- [TO DO]
Please output exactly the lines from the one containing "2835 60TH AVENUE N, St Petersburg, FL 33714" through the end of the records below, leaving out any pictures.

*** SUPPLIED INFORMATION Section Begins ***

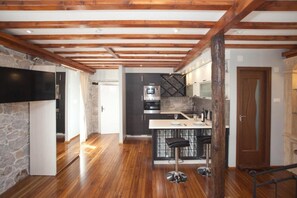 Departamento, 1 habitación, para fumadores, vista a la ciudad | Cocina privada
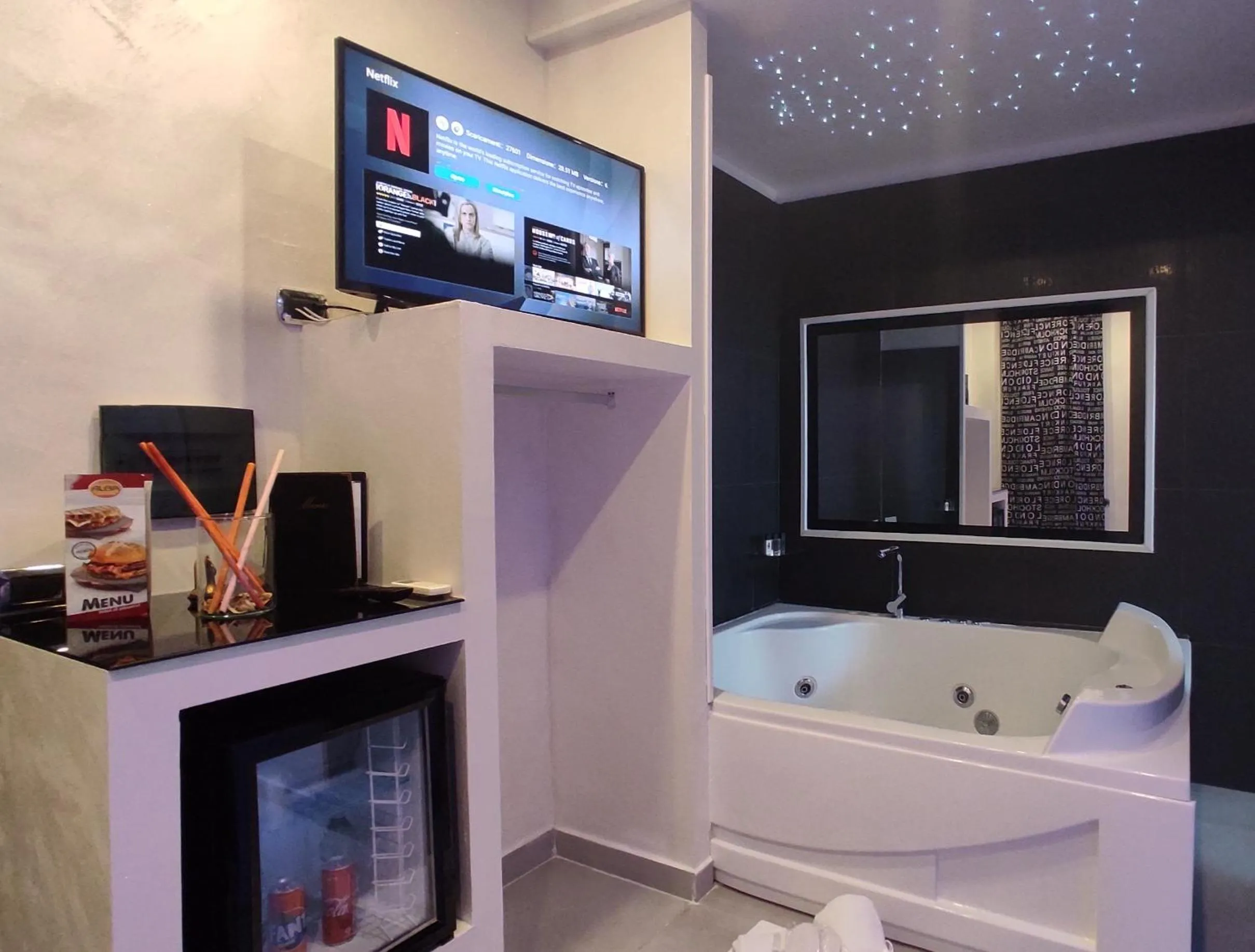 Hot Tub in Hotel Paradiso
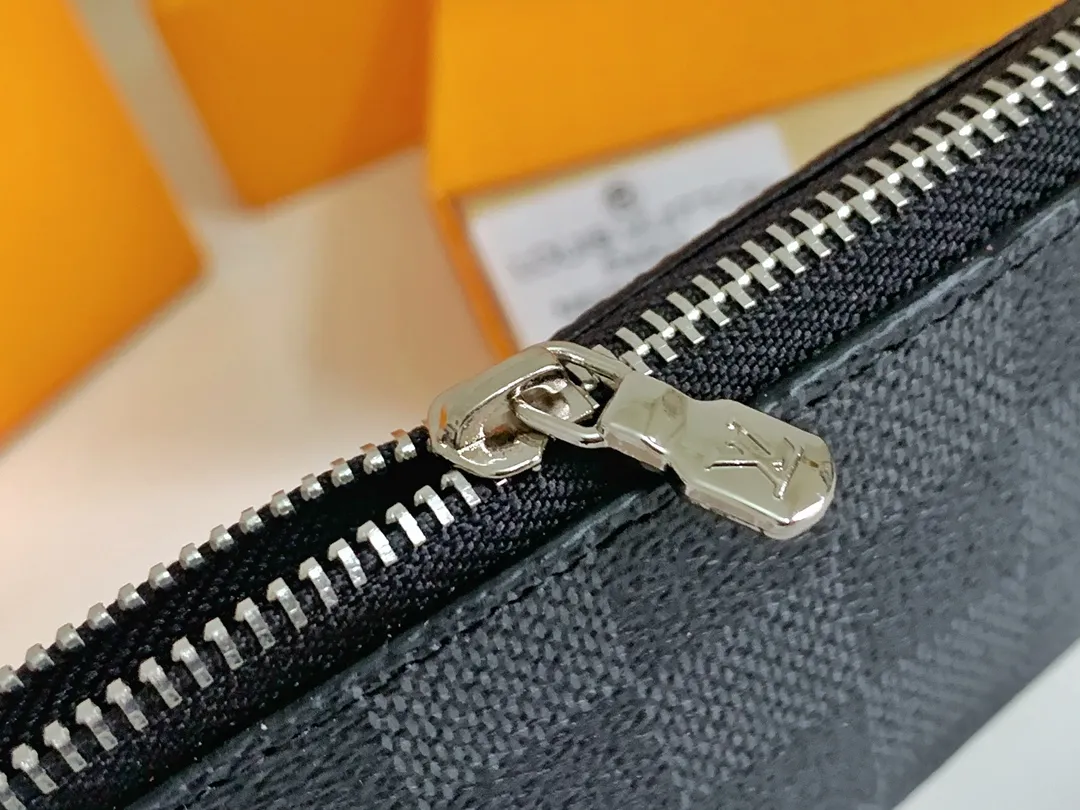 💰80 💎Damier canvas small leather bag can hold change and keys, and can be easily put into handbags or clothing pockets. Key ring, key hook can be hung on the D-ring provided with most Louis Vuitton handbags, zipper closure, Damier canvas texture and embossed calfskin, shiny gold-tone hardware. ❤️Model: 62650 Size: 12x7cm.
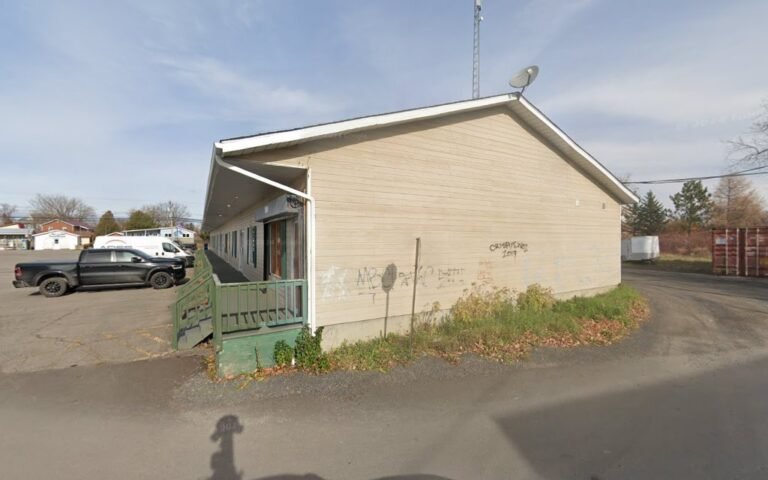 Comic Book Store Astronomical Cards And Comics Kahnawake Quebec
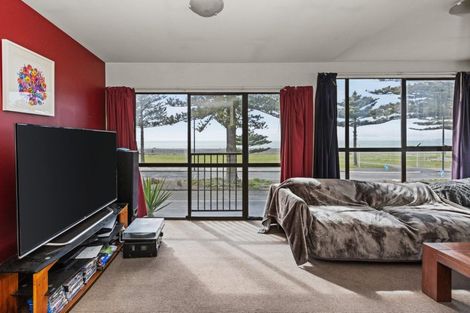 Photo of property in 653 Marine Parade, Napier South, Napier, 4110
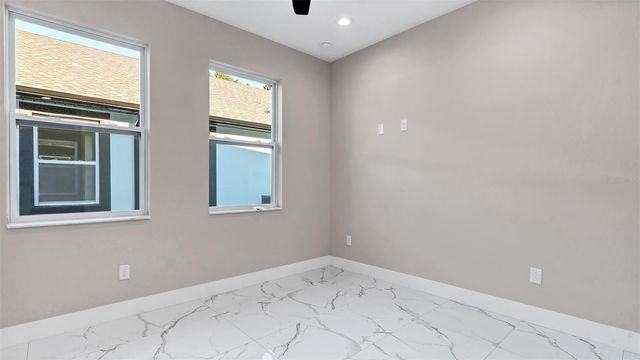 2835 60TH AVENUE N, St Petersburg, FL 33714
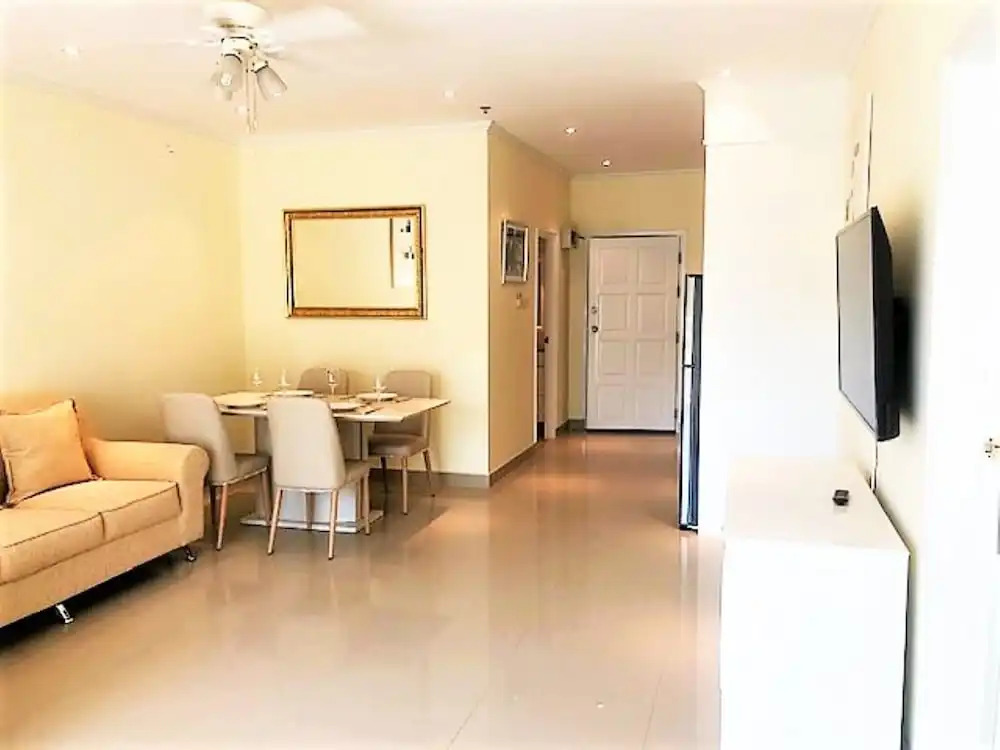 1-bed in View Talay 5D - Sleeps 2 - Close to Beach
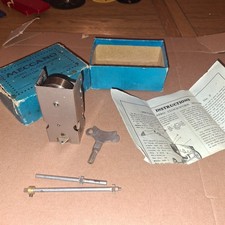 MECCANO AEROPLANE CONSTRUCTOR"AERO 2" CLOCKWORK MOTOR(LINKAGES/BOX/INSTRUCTIONS)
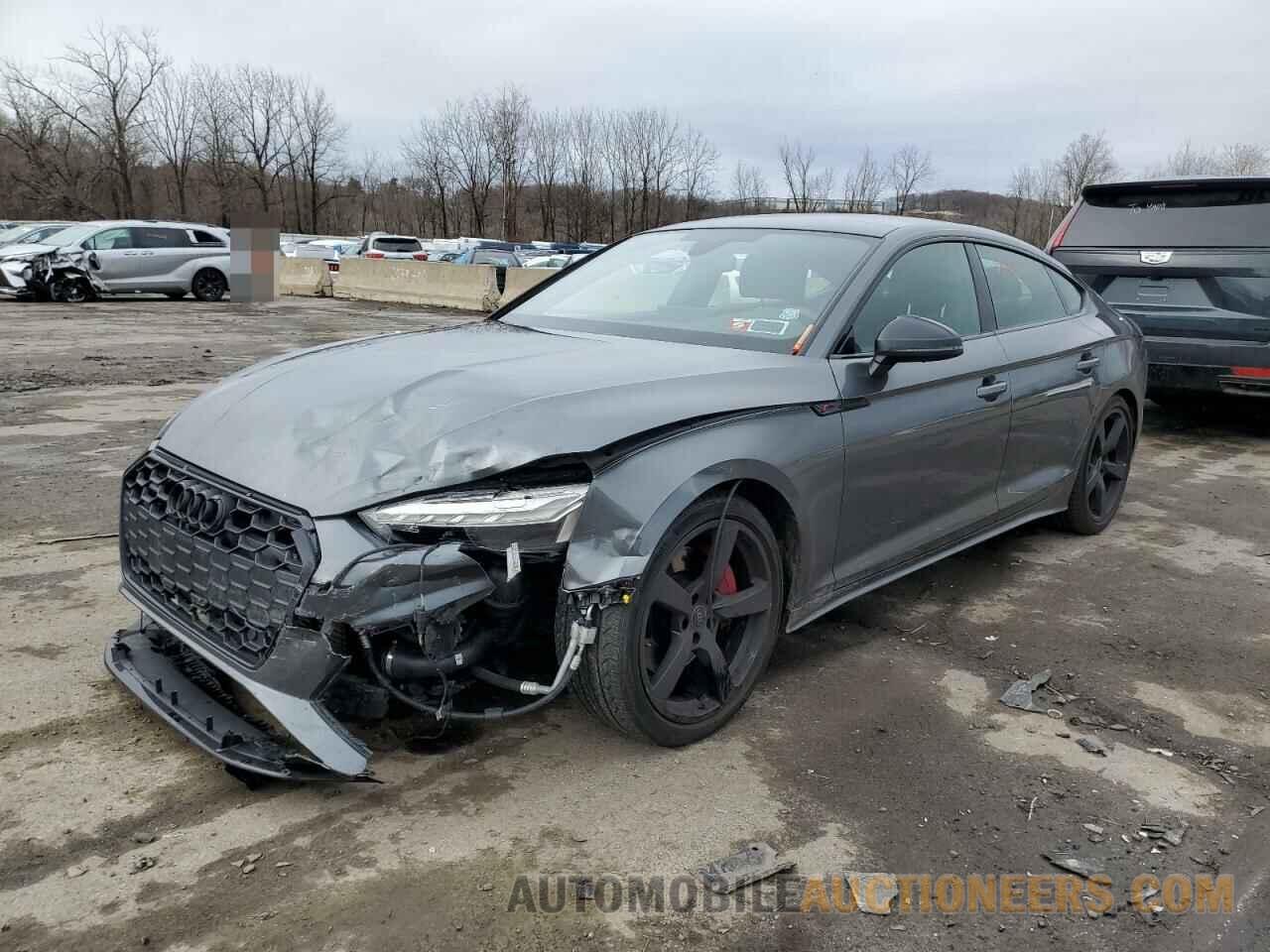 WAUFACF55NA021131 AUDI A5 2022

*** SUPPLIED INFORMATION Section Ends ***

- [FINISHED TASK]
 2835 60TH AVENUE N, St Petersburg, FL 33714
 1-bed in View Talay 5D - Sleeps 2 - Close to Beach
 MECCANO AEROPLANE CONSTRUCTOR"AERO 2" CLOCKWORK MOTOR(LINKAGES/BOX/INSTRUCTIONS)
 WAUFACF55NA021131 AUDI A5 2022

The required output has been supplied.